Date of Award


Document Type


Degree Name

Master of Social Work


School of Social Work

First Reader/Committee Chair

Chang, Janet


Evidence-based practices utilized by social workers working with veterans experiencing physical (e.g., spinal cord injuries and loss of limbs) and/or mental health (e.g., posttraumatic stress disorder, depression, substance use) issues are widely used with this vulnerable population. The number of social workers integrating animal-assisted interventions (AAI) or animal-assisted therapy (AAT) as a complementary intervention to these practices is extremely limited. A significant amount of research has been published on AAI and AAT, yet there is a gap in research regarding AAI and AAT as effective complementary approaches when working with veterans.

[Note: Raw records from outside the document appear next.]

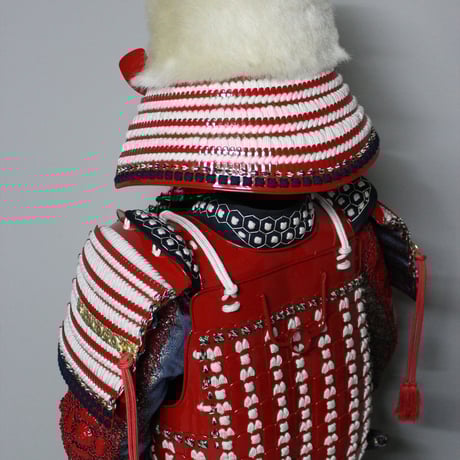 【O-017】卯の花糸威伊予二枚胴具足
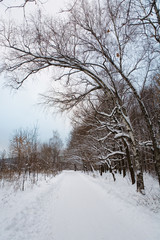 Scenic road in the winter park.
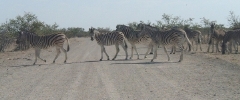 Zebra crossing the road.   CLICK HERE FOR A LARGER VERSION OF THIS PHOTO.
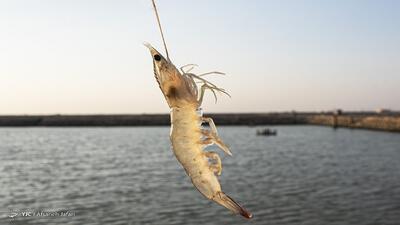 ۱۵ هزار تن میگو در استان بوشهر برداشت می‌شود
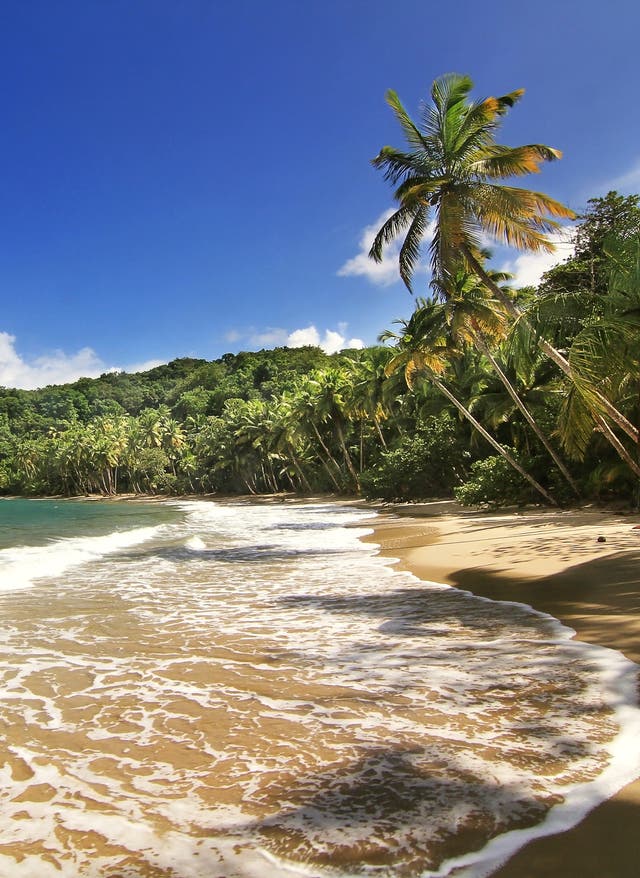 Mitarbeiter-Tipp Dominica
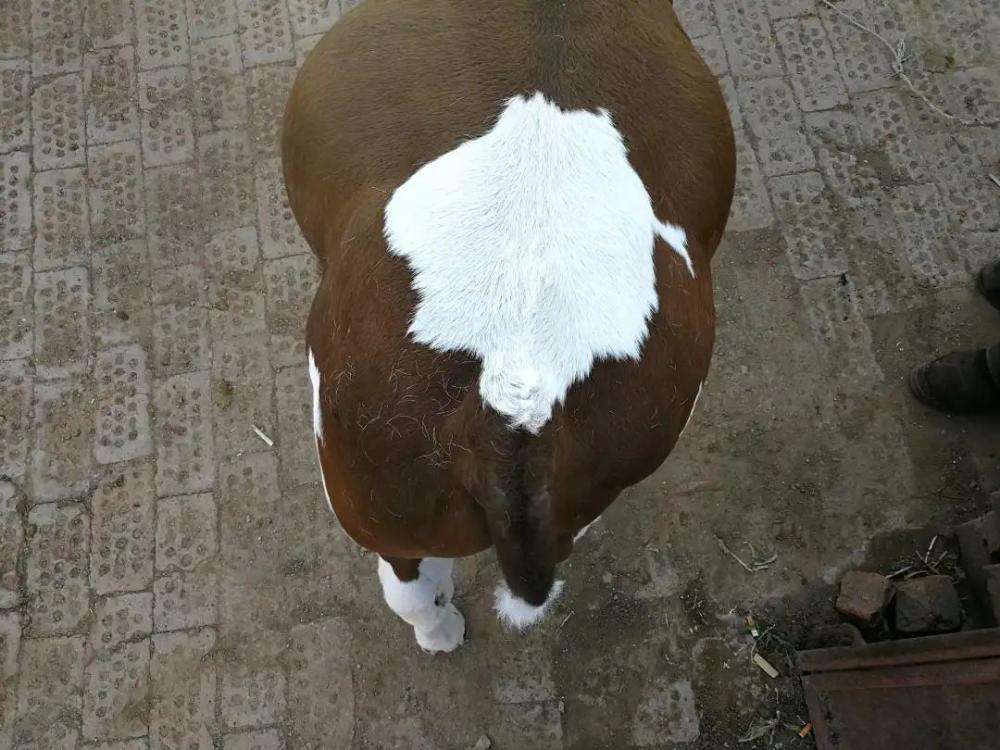 犊牛瘤胃鼓气原因及预防方法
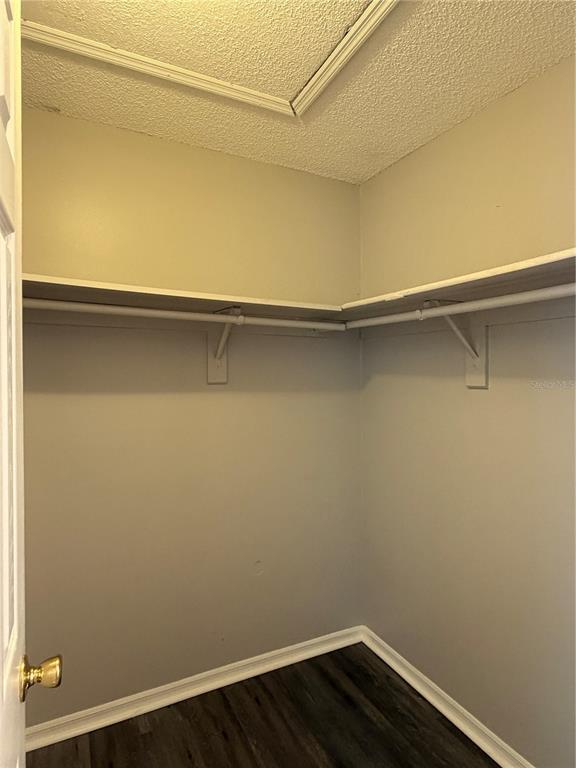 Building Photo - 1215 Ravida Cir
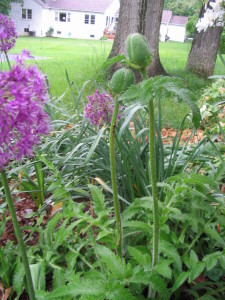 oriental_poppy_buds_and_allium_blooms
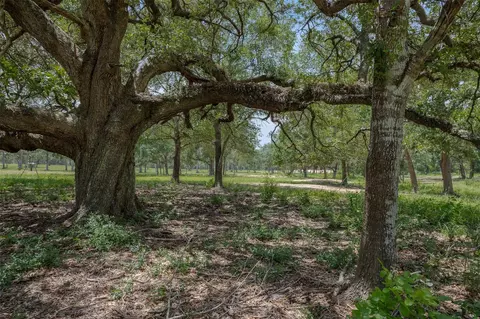 Exterior - 16204 Newberg Rd, Cat Spring, TX 78933 photo 4 of 5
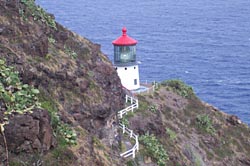 Makapuu Point Life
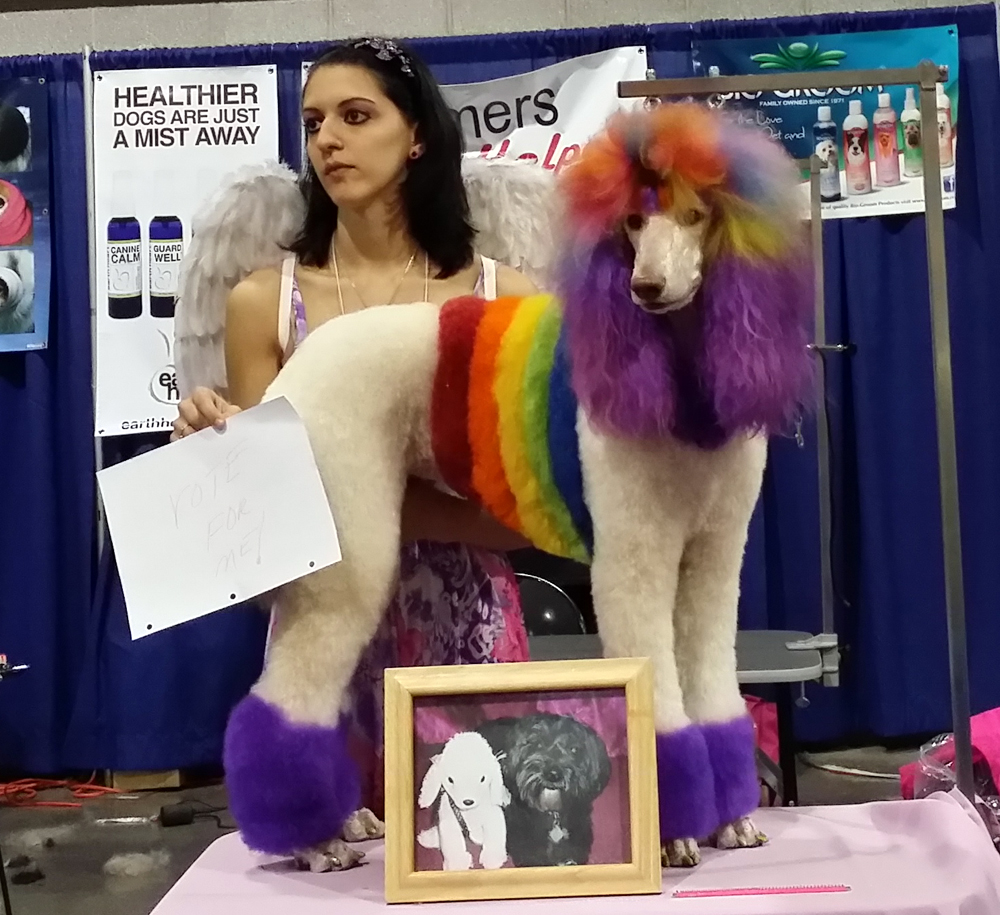 poodle in rainbow colors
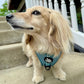 Adjustable Dachshund Harness - Teal Doxies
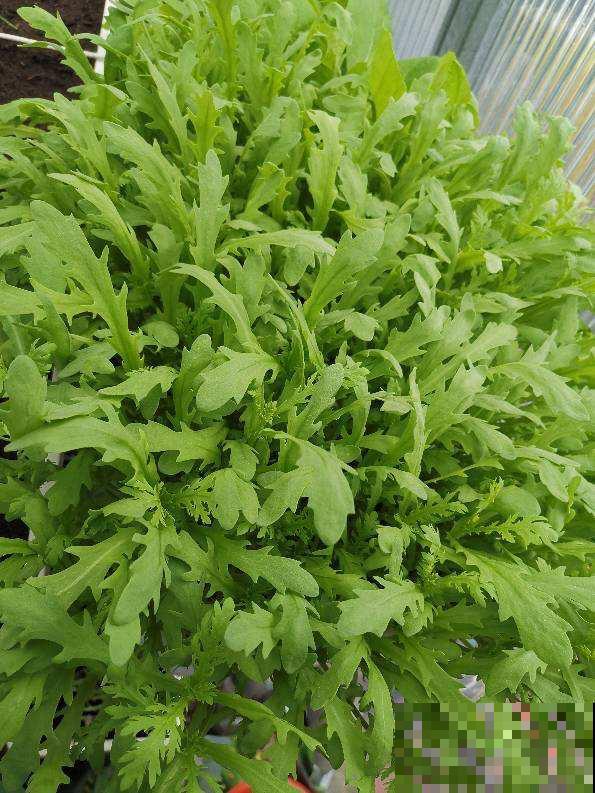 跟婆婆吵一架,婆婆死活不让孩子做农活,到底是养孩子还是养祖宗 跟婆婆吵一架,婆婆死活不让孩子做农活,到底是养孩子还是养祖宗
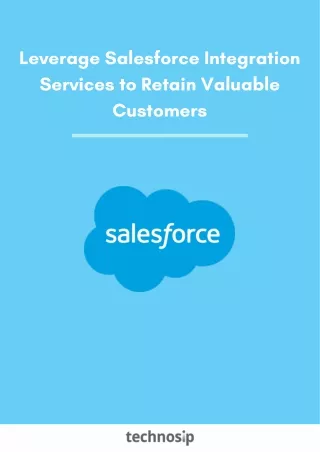 leverage salesforce integration services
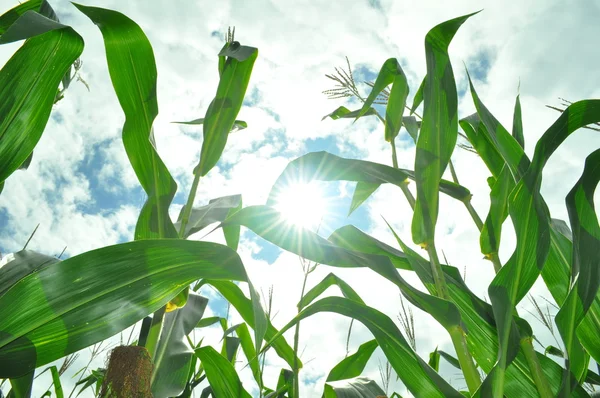 stock image Corn field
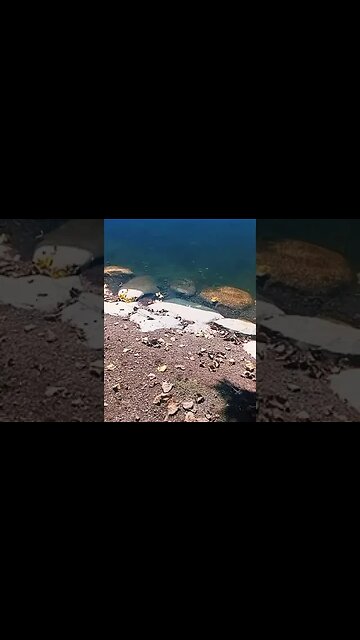 Screenshot flasing light and see the enchanted realm of insectoids and fairies.#paranormal#shorts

The qualitative method utilized in this study was interviews in which MSWs and LCSWs were asked to share personal experiences while employed at veteran-supported agencies and/or non-profit organizations. The qualitative method of interviews and content analysis were used to help identify the themes and sub-themes of this study. The themes and sub-themes supported the phrases and statements drawn from the seven interviews conducted for this study. Findings supported in this study addressed the value of the human-animal bond, how integrating AAI and AAT with evidence-based practices can assist the veteran in improving quality of life (e.g., a decrease in social isolation, increase in social activity, decrease in substance use), and how important it is to recognize the need to provide the education in this field to social workers. Findings from this study can help to provide the foundation for future research, can underscore the value of offering and integrating AAI and AAT education into more MSW programs, and can contribute to establishing policy where those who can benefit by AAI and AAT are given access to it.